Explaining Explanations: Interpretability Methods for Discourse Analysis of Transformer Attention Maps
Proceedings of the Fifteenth Language Resources and Evaluation Conference (LREC 2026)
Abstract
While LLMs have achieved state-of-the-art performance in NLP, their opacity hinders a human understanding of their predictions. Standard explainability techniques often prioritize technical faithfulness over linguistic plausibility. This paper argues for an interdisciplinary approach that integrates discourse analysis to critically interpret model explanations. We conduct a case study using CamemBERT, fine-tuned to classify French journalistic texts as news or opinion. We employ Layer-wise Relevance Propagation to generate attention maps for 1,000 test articles and analyze the token-level relevance scores through both in-depth qualitative analysis and a quantitative ranking of high-attention tokens.
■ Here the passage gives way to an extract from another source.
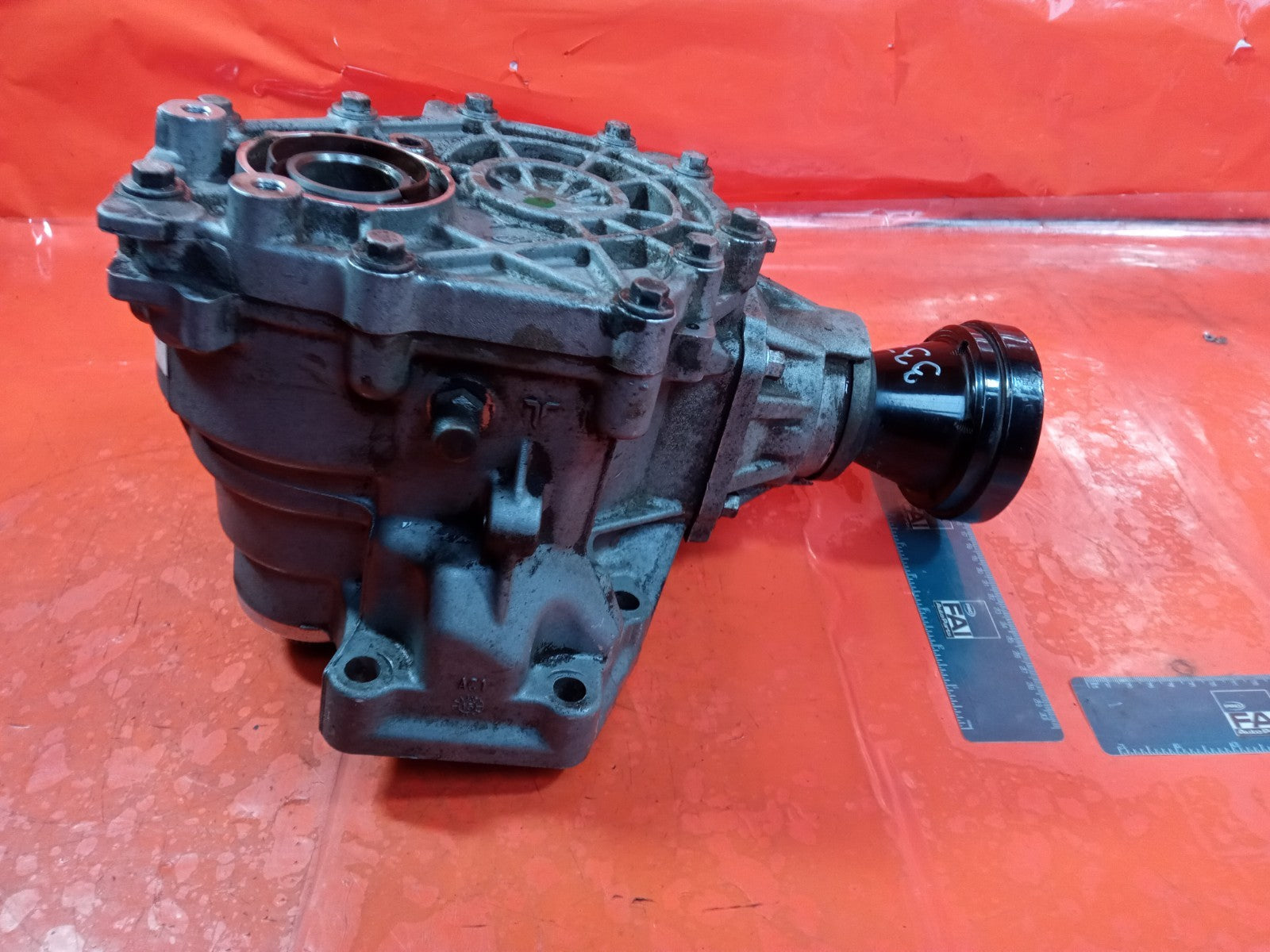 ✅Ssangyong Korando 2.2 Diesel 2015 Front Diff Differential Manual Warranty A337 - Image 1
Our findings reveal that CamemBERT successfully captures genre-specific linguistic markers: it attends to cues of reported speech and temporal anchors in news, and to expressive punctuation, evaluative adjectives, and first-person pronouns in opinion. The discourse-analytic lens moves us beyond superficial observations, demonstrating how the model interprets features like punctuation as structural or stylistic conventions. We argue that integrating linguistic expertise into the explainability pipeline yields more nuanced, human-readable explanations.